Is Mortgage Forbearance the Best Choice?

“I don’t really think it’s worth it,” says Dahl, who’s losing about $5,000 in income each month his business is closed. “I don’t really want to pay four mortgage payments in one.” Dahl is one of many thousands of Americans who are having trouble making their monthly mortgage payments due to the coronavirus pandemic—or will soon, if the crisis drags on.

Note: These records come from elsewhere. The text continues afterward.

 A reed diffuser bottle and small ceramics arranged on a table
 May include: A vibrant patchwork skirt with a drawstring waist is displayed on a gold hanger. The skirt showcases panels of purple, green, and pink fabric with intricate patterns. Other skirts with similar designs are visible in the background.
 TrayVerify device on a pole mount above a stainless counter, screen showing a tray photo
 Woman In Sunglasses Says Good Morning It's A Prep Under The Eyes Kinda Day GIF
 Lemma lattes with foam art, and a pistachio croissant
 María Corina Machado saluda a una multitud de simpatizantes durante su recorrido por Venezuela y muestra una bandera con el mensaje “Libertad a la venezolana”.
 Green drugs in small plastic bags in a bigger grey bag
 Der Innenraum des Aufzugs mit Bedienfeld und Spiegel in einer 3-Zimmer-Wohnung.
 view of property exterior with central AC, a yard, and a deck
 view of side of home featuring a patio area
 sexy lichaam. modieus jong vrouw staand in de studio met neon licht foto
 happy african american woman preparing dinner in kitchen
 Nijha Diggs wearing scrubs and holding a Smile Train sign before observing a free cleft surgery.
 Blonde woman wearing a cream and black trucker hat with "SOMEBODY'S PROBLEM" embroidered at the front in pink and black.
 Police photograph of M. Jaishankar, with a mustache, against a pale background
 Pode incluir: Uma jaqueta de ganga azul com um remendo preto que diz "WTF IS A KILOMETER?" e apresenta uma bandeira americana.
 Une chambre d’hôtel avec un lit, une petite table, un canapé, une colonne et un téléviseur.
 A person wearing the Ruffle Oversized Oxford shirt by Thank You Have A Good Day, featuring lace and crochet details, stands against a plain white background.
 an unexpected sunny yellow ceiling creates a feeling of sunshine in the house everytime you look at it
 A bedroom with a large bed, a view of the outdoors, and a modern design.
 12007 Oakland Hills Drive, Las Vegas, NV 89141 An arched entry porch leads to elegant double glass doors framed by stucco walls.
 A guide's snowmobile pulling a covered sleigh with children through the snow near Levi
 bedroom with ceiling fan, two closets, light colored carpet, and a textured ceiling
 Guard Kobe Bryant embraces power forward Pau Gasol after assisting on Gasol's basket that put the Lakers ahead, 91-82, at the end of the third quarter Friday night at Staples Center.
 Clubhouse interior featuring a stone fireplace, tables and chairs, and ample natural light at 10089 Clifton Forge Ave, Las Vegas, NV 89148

In the past month, nearly 17 million Americans have filed for unemployment as shelter-in-place orders, social distancing measures, and nonessential business closures went into effect.

Last week, economists estimated the unemployment rate was about 13%—worse than during the Great Recession. And those numbers don’t even include many out-of-work, self-employed, and gig workers along with those who’ve had trouble filing their claims because unemployment offices are overwhelmed.

The widespread misery spread by COVID-19 has left many homeowners scrambling to figure out how to pay their mortgages. Homeowners with government-backed loans—and even many without—are being offered up to 12 months of forbearance, doled out in 90-day chunks. But this temporary fix could result in another wave of foreclosures if additional assistance isn’t provided. Many homeowners could be asked to pay back all of those missed mortgage bills in one lump sum at the end of the forbearance period, a near impossible feat for many who can’t afford their payments today and don’t know when the economy will recover.

Fannie Mae, Freddie Mac, and the Federal Housing Administration say their borrowers, who make up slightly more than half of all buyers, are never required to make lump-sum payments. They also offer various assistance plans, some more generous than others. But even those homeowners will also eventually have to make good on what they owe, a hardship for those out of work. Those who can’t could eventually lose their homes.